▶ [TASK BRIEF]: State how many lines of the listing below include the word "Toyota". Give only the number.

▶ [DATA FOR REVIEW]:
=== Section Start ===

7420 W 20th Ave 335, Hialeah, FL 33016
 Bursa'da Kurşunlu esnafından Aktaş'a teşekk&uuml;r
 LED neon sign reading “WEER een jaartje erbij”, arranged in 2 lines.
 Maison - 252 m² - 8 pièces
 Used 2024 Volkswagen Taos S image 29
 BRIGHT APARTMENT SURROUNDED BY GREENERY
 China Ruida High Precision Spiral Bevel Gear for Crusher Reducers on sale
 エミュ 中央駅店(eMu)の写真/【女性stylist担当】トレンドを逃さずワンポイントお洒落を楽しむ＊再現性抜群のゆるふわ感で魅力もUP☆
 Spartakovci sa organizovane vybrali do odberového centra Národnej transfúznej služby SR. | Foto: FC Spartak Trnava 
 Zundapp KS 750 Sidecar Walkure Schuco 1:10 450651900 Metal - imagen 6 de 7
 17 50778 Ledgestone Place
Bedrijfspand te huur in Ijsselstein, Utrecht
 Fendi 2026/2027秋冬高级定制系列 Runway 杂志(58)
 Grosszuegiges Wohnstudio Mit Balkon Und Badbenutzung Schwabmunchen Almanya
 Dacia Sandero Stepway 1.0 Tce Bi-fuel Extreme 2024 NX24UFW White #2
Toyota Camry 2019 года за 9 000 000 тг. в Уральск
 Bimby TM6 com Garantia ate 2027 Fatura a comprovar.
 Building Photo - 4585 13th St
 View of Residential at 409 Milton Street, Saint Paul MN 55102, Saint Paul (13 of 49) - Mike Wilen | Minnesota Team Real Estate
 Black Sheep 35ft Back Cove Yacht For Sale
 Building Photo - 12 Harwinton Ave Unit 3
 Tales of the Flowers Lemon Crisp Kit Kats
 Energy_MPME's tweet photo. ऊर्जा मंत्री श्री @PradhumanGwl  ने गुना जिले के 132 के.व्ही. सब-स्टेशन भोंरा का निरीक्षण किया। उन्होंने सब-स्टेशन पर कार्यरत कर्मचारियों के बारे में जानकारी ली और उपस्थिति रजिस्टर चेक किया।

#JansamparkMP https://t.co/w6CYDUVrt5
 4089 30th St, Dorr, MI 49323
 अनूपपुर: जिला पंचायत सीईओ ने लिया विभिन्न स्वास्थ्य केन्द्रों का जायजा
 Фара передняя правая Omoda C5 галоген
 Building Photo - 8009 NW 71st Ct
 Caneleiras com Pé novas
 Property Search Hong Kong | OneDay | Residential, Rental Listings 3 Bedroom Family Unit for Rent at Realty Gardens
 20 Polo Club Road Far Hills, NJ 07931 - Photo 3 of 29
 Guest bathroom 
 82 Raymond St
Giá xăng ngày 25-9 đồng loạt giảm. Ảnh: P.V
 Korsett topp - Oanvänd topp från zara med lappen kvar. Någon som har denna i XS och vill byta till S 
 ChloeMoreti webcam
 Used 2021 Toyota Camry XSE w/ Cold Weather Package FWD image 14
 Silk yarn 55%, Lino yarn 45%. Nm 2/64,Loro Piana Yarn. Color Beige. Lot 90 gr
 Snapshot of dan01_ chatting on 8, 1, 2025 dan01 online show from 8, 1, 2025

=== Section End ===

▶ [SOLUTION TO THE EXERCISE]: 2